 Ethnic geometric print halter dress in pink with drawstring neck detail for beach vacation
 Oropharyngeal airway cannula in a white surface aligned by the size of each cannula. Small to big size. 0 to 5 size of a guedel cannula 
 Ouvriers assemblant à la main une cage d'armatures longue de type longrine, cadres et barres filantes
◆ ◆ ◆
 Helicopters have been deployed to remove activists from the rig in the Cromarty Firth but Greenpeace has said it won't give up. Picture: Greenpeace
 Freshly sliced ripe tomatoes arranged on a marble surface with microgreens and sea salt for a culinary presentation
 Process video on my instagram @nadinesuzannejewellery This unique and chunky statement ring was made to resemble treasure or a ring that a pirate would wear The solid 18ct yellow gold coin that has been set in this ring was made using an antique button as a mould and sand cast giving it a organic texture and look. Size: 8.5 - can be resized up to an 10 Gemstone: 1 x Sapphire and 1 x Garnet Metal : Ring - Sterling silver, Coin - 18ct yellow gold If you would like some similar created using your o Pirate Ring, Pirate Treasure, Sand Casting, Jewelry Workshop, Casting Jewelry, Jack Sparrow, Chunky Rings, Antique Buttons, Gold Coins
◆ ◆ ◆
ACTION ITEM: Copy out all lines from the records where the word "surface" appears.

WRITTEN SOLUTION:
 Oropharyngeal airway cannula in a white surface aligned by the size of each cannula. Small to big size. 0 to 5 size of a guedel cannula 
 Freshly sliced ripe tomatoes arranged on a marble surface with microgreens and sea salt for a culinary presentation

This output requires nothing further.